Although AAPL is cited as the security (a ticker symbol for a US security):

  1. Options Exchanges in the US do not consider the available margin in this way. All options are cleared through the Options Clearing Corporation who have their own rules for calculating margin requirements using a risk based model. It is up to the clearing members to ensure that their customers' accounts stay within the rules. Most of these types of checks are performed by the broker handling the customer orders and not the exchange.

  2. All stock options in the US must be traded on an Exchange (registered with the Securities and Exchange commission). This is something to do with the fact that listing a new series is like issuing a new security - something that only exchanges can do.

This is an allocation problem

A similar scenario is buying and selling stock. If you have a small (long) position and send in a bunch of sell orders for more than your position, some will have to be marked as long and some marked as short. If you modify the price of the orders, moving them around in the order book, there will potentially be situations when you will be selling short although you have a long position and vice versa.
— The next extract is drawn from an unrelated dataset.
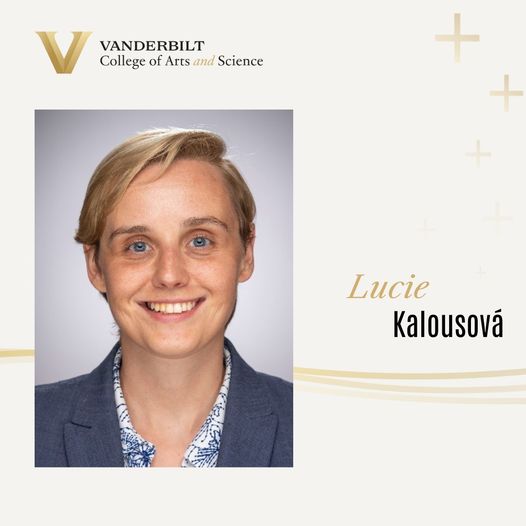 Congratulations to MHS professor @LucieKalousova for receiving a Robert Wood Johnson Foundation grant! Lucie and her team will be studying racial inequality within end-of-life care and present actionable recommendations to improve quality of care. #Vanderbilt #MHSvanderbilt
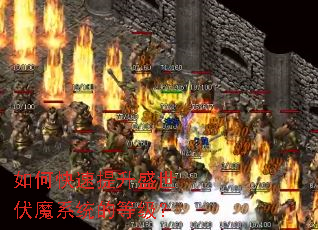 ��ο�������ʢ����ħϵͳ�ĵȼ���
The way to handle this is to apply a consistent approach. One way is simply to allocate (as you describe) in a first-in, first out approach. You take from a pool of stock (long or short) when you send in the order, and replenish that pool when the order is modified or cancelled. If you send in an order (even if you have a long position), but that long position is already allocated to other orders, you should mark it as short.

You could make your allocation model more sophisticated, such as re-arranging the allocations from the pool based on likelihood of execution (e.g. price level in the order book). This creates more complexity, but could result in a better outcome.